(Image-text web data)
[Start of section]
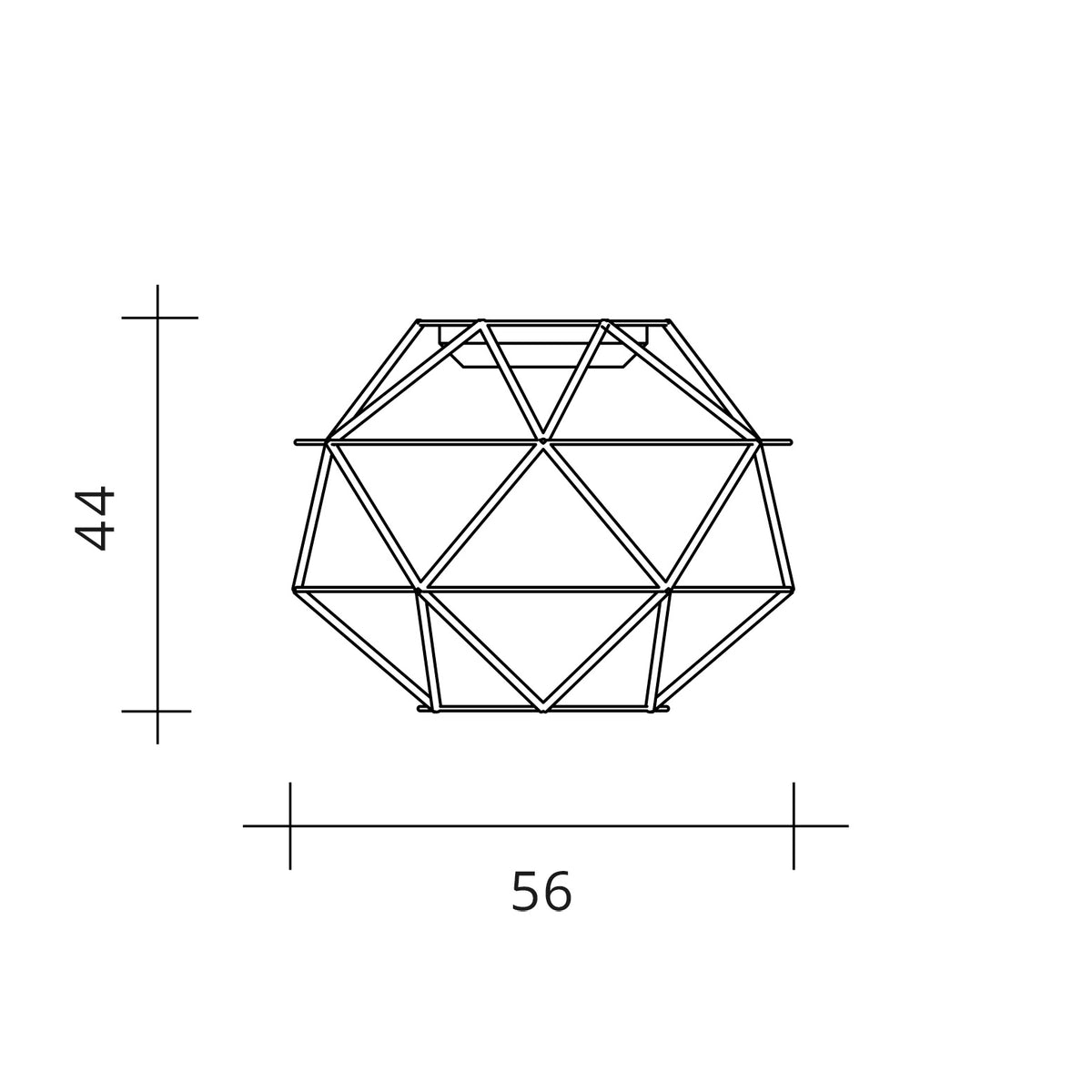 Urban Lighting, Deckenleuchte Euclide, 56cm Skizze, technische Lichtplanung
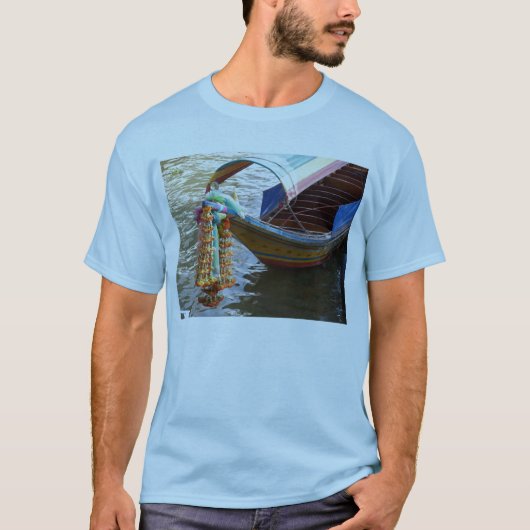 T-shirt Long bateau de la Thaïlande (Devant)
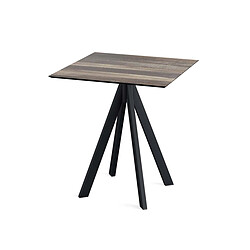 Materiel Chr Pro Table de bistrot Infinity avec piètement noir + plateau HPL 70x70 cm - Veba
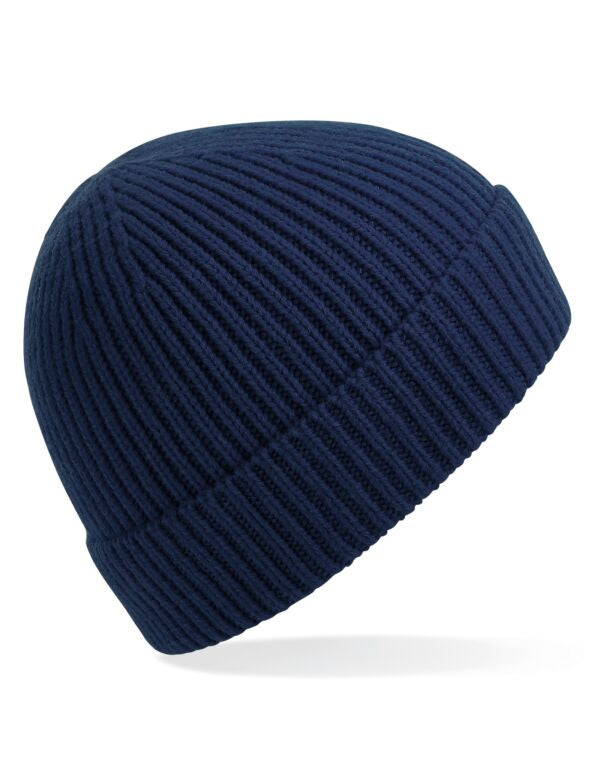 Beechfield Engineered Knit Ribbed Beanie | Unisex | Cuffed | 14 Colours | One Size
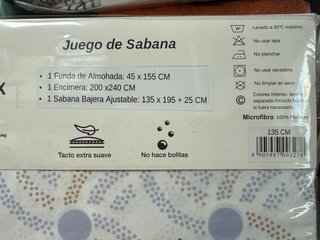 Juego de sábanas, 3 Piezas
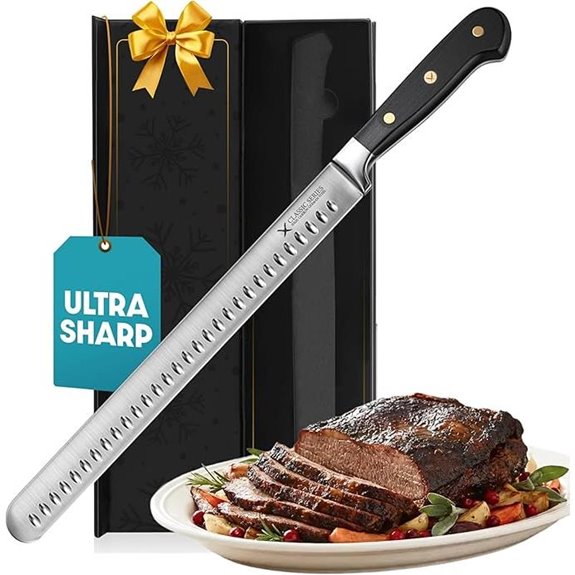 Brisket Slicing Knife – 12 German Steel Ergonomic Handle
[End of section]
**ACTIVITY**
Set down word for word every line from the one containing "Beechfield Engineered Knit" through the last line of the records above, both ends included. Leave out the pictures.

**EXPECTED ANSWER**
 Beechfield Engineered Knit Ribbed Beanie | Unisex | Cuffed | 14 Colours | One Size
 Juego de sábanas, 3 Piezas
 Brisket Slicing Knife – 12 German Steel Ergonomic Handle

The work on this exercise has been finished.